Fascinated by chimneysweeps, coffins or magic boxes? Vienna has a museum for you.
The city may be better known for its grand art collections, but it is filled with quirky or downright bizarre establishments, and Museum Night is their chance to shine.
Far off the beaten track, in a grey residential area, stands Vienna’s hottest museum as it calls itself: The bright orange Brennpunkt — the Museum of Heating.
Gleaming pipes and large boilers share this colorful space with delicate old wood stoves, blackened iron bread ovens and century-old utensils for cooking and lighting fires from Tanzania to Borneo.
“We’re a small, humble museum and there are serious inhibitions to coming here, especially for women who think it will be very technical.
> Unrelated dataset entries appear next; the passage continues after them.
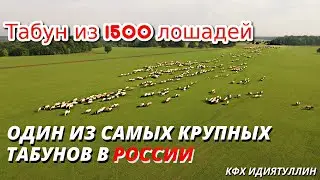 Один из крупных табунов Башкирской породы лошадей/ КФХ Идиятуллин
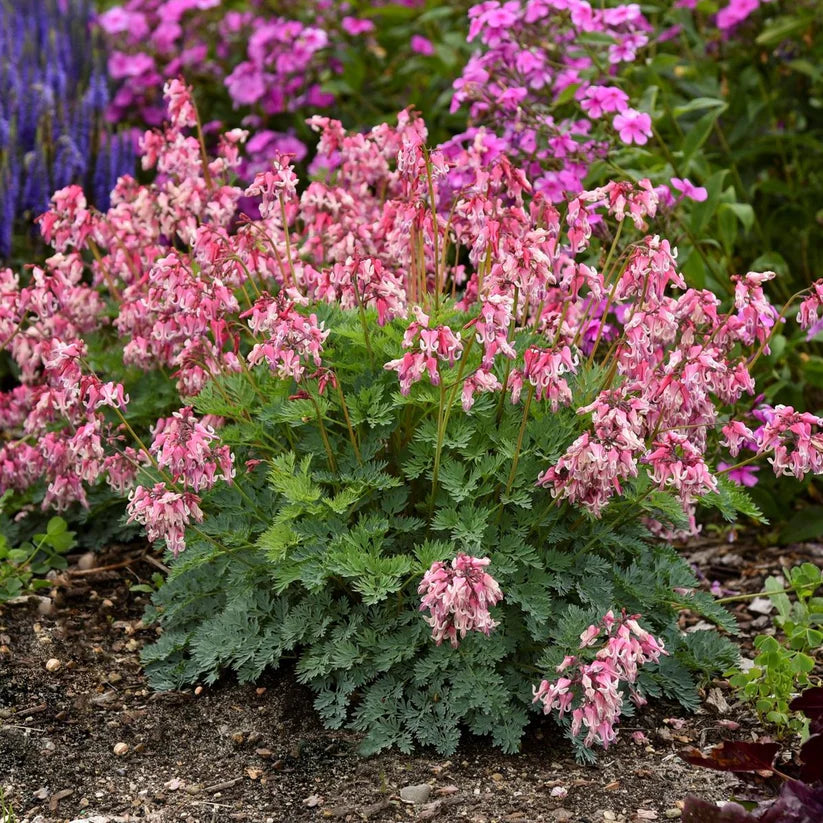 Dicentra &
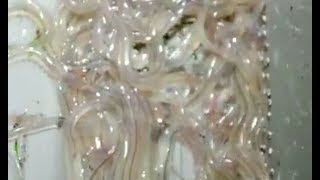 Pescando angulas  Fishing baby eels [upl. by Beuthel574]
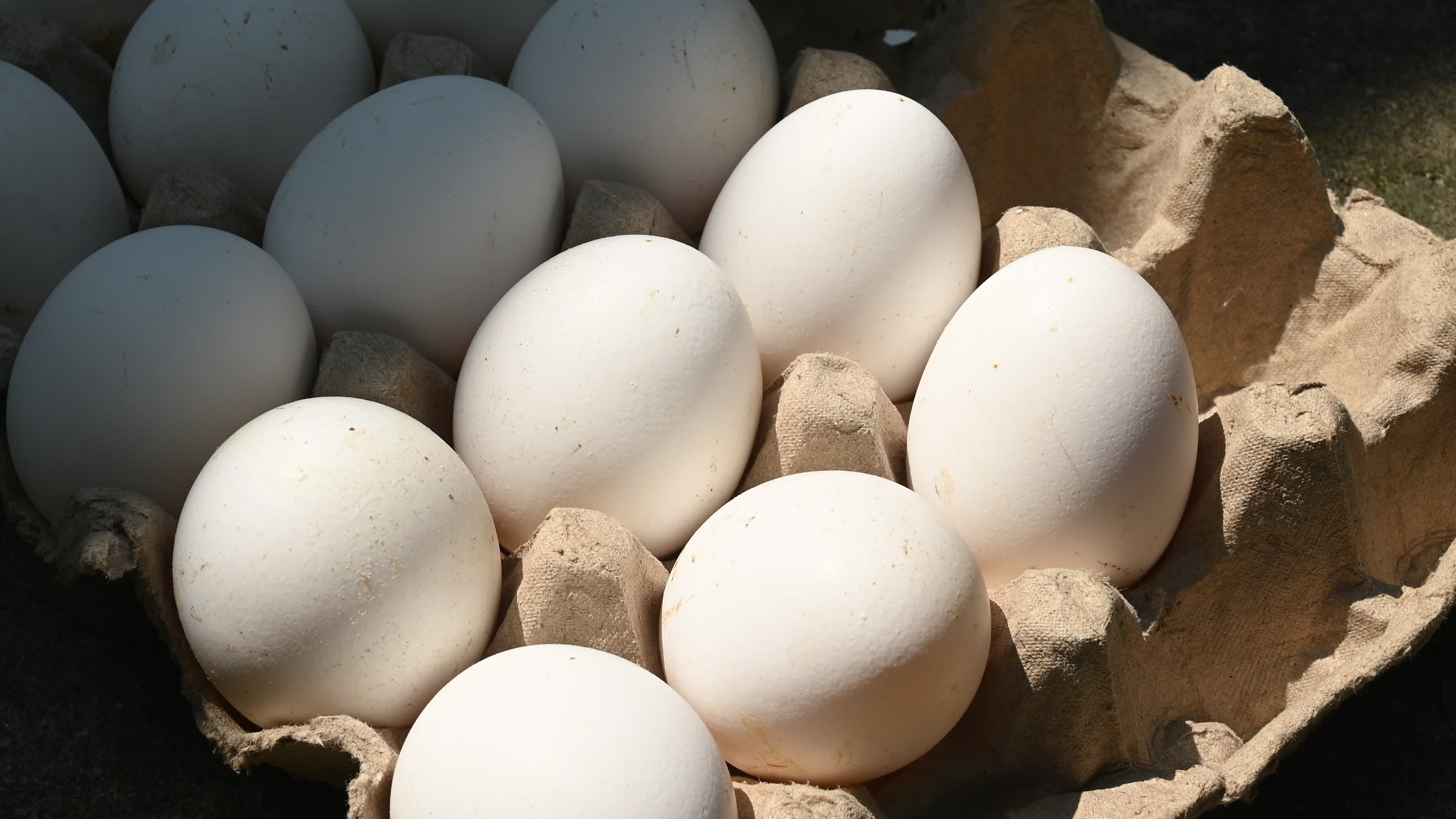 Poultry eggs in India - Chicken eggs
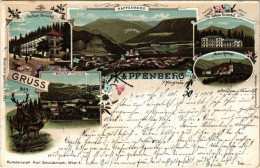 T2/T3 1900 Kapfenberg (Steiermark), Curhaus Steinerhof, Steinerhof U. Fürstenhof, Curhaus Fürstenhof, Maria Rehkogl. Art - Non Classificati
But we can convince them otherwise,” the museum’s cheerful director Reinhard Indrak told AFP.
Brennpunkt, German for “burning point,” emerged from Vienna’s switch to district heating when the city found itself with a mass of old coal and oil heaters on its hands and decided to preserve this part of its history.
And this is how many other small museums saw the light of day, from the Coffee Museum — filled with all manner of coffee grinders and espresso machines — to the Circus and Clown Museum and the Chimneysweep Museum, naturally packed with an array of round brushes.
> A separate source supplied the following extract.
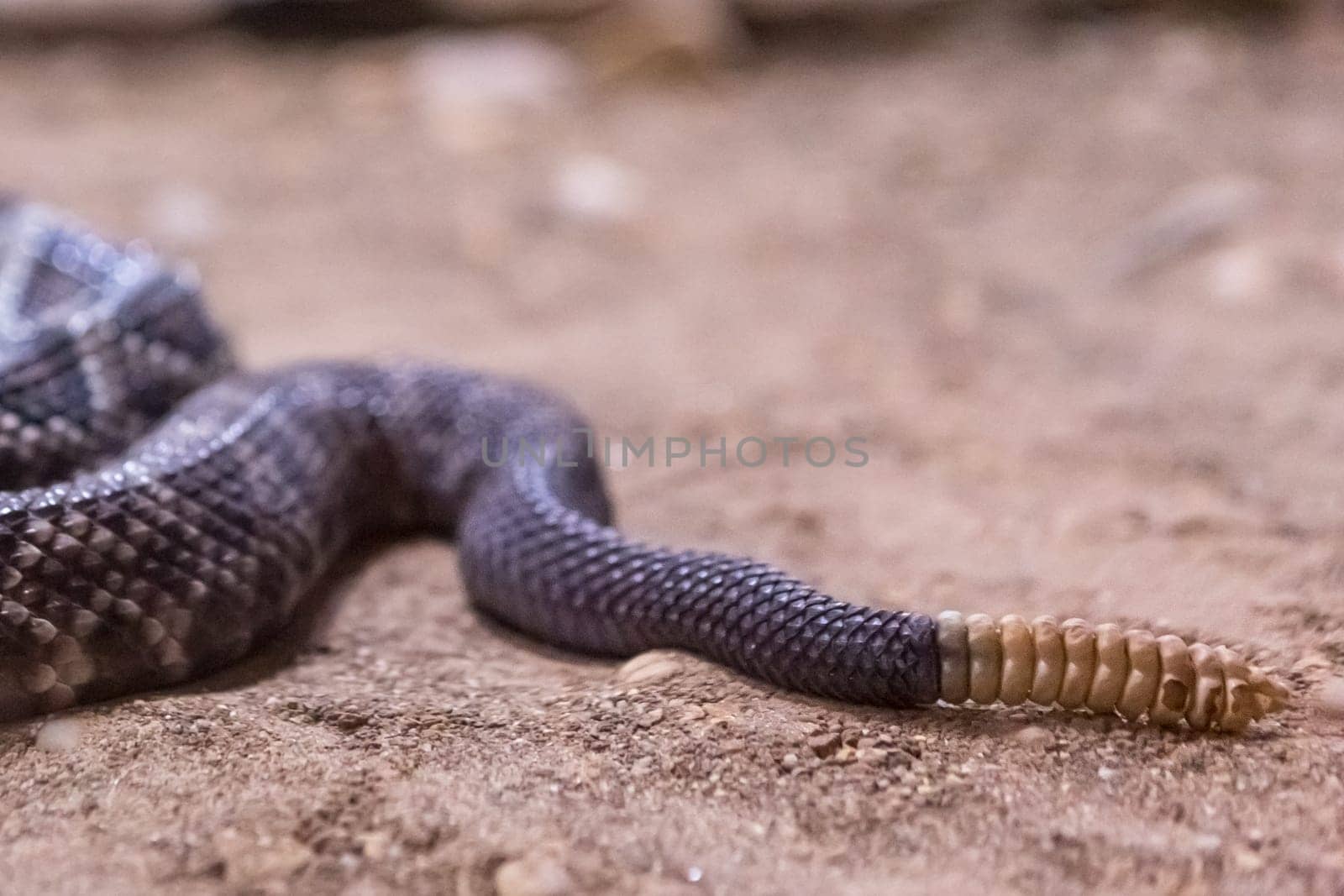 Rattlesnake, Crotalus atrox. Western Diamondback. Dangerous snake.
All began as private collections until their owners, or an association or business group, decided to share them with the public.
Entry costs a few euros, opening hours are limited and the exhibits often fill just a room or two, but thousands still go through their doors every year, especially on Museum Night (Lange Nacht der Museen).
The event, which is also held in other major cities around the world on different dates, lets visitors explore countless exhibits in one evening, from 6 p.m. to 1 am, with a single ticket.
A visit to the dentist is not something people usually look forward to, but last year’s event attracted some 900 visitors to the Dentistry Museum.
Dentist’s chairs dating back to the early 1800s, from uncomfortable-looking wooden seats to plush velvet-covered thrones, trace the profession’s history along with early ivory prostheses, gruesome wax molds of diseased gums once used as teaching aids, and instruments that would not look out of place in a torture chamber.
Unable to draw the same large crowds as the prestigious Art History Museum, the Albertina or even the Planetarium, small collections often rely on school visits.
For those who prefer art on a smaller scale, the Look Magnet Museum offers a whirlwind tour of the world’s greatest art collections ... in the form of refrigerator magnets, displayed in a miniature museum covering just nine square meters (around 100 square feet).
Unlike other exhibits, this one is open just one month every year around Lange Nacht time, and its creator is just 15 years old.
The exhibit, which people peer into from above rather than walking around in, boasts famous works by Picasso, Monet and Giacometti, and is once again expecting some 700 visitors this time.
This year, some 680 museums all over Austria will take part in Museum Night, including 125 in the capital.
One exception will be the popular Funeral Museum, a collection of 19th-century funeral clothes, unusual coffins — including a re-usable one with a hinged bottom — and a unique alarm system that was supposed to alert the undertaker if someone had been buried alive.
In past years, people were invited to try out a coffin for themselves — which they did with delight, says the museum’s lively curator, Wittigo Keller.
The surprisingly un-stuffy exhibit — “it’s groovy, with a touch of voyeurism and an unusual topic,” says Keller — will not feature in this year’s Lange Nacht for logistical reasons.
Vienna’s curious little museums have no shortage of fans, as Andreas Engert, a tourist from Wuerzburg, Germany, testified.
“We’ve already done all the standard tours,” he said drily, as he and a friend examined a 19th-century hearse.